## [Your task]
Pictures excluded, retype the lines from the one containing "Let's try out" through the last line of the data below, both included.

## [Supplied information]
============

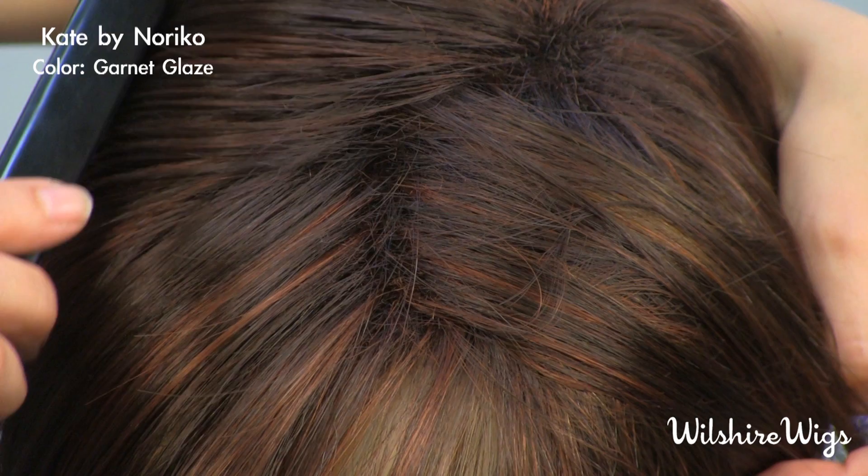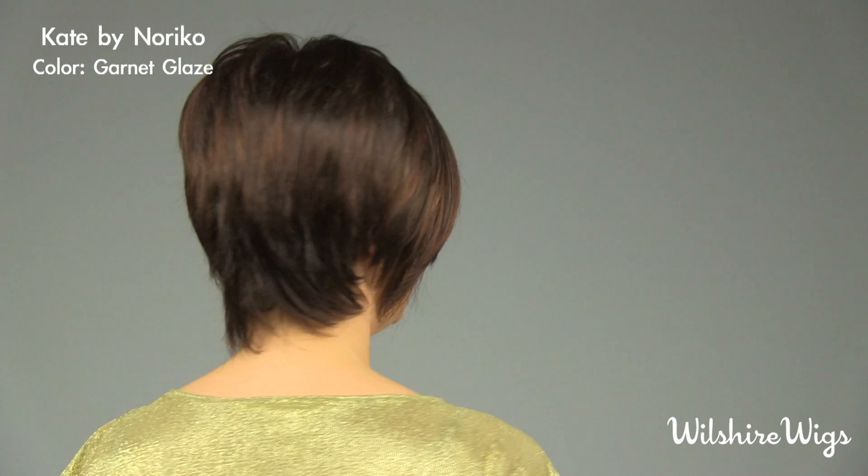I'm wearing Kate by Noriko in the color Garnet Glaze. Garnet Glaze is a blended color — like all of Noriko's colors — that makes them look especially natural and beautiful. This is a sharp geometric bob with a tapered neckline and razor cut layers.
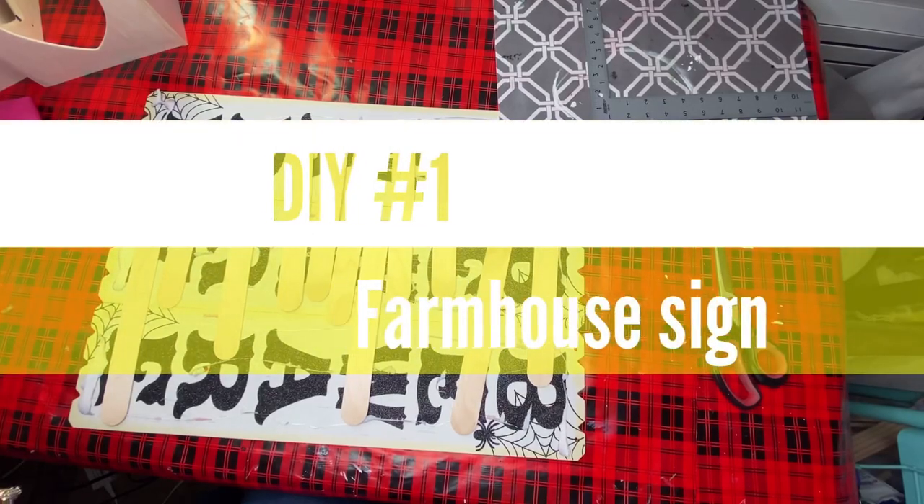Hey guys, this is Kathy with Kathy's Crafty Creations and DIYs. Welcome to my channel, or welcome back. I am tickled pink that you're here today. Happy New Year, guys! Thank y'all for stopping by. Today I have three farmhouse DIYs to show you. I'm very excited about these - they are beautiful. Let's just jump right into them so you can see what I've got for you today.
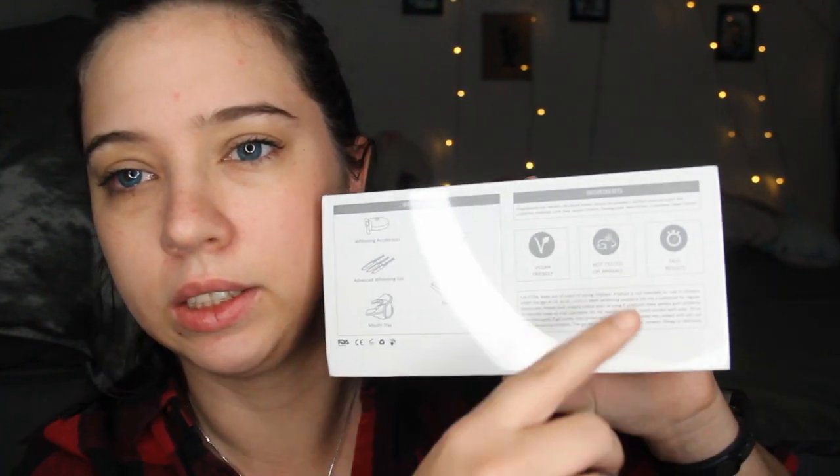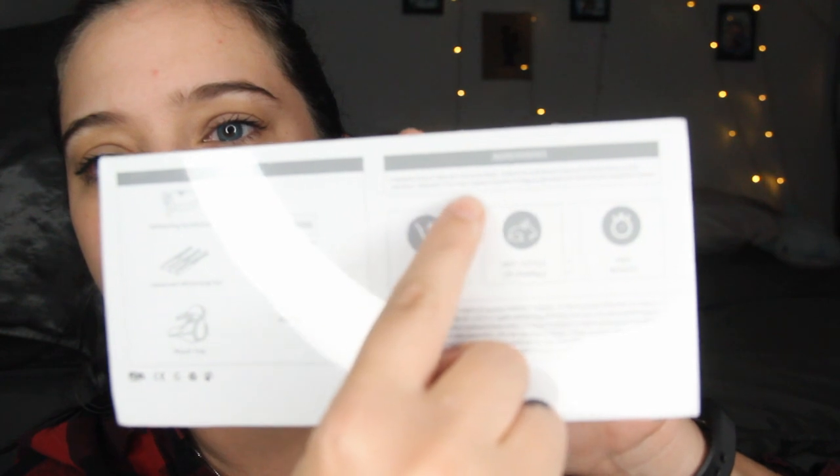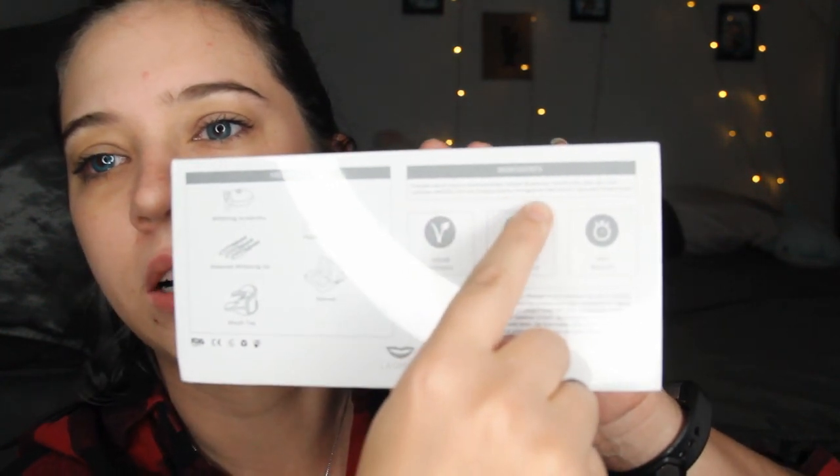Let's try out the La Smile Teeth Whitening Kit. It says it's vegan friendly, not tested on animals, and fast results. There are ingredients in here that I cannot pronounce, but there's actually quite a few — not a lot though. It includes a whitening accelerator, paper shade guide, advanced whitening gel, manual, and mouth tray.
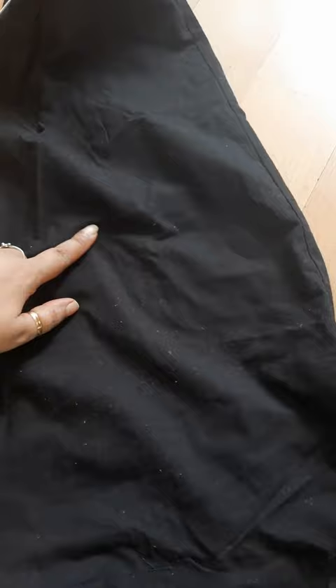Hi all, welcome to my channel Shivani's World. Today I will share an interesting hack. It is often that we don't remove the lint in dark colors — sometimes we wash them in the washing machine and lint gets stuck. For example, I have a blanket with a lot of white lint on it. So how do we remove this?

============

## [Your solution]
Let's try out the La Smile Teeth Whitening Kit. It says it's vegan friendly, not tested on animals, and fast results. There are ingredients in here that I cannot pronounce, but there's actually quite a few — not a lot though. It includes a whitening accelerator, paper shade guide, advanced whitening gel, manual, and mouth tray.
Hi all, welcome to my channel Shivani's World. Today I will share an interesting hack. It is often that we don't remove the lint in dark colors — sometimes we wash them in the washing machine and lint gets stuck. For example, I have a blanket with a lot of white lint on it. So how do we remove this?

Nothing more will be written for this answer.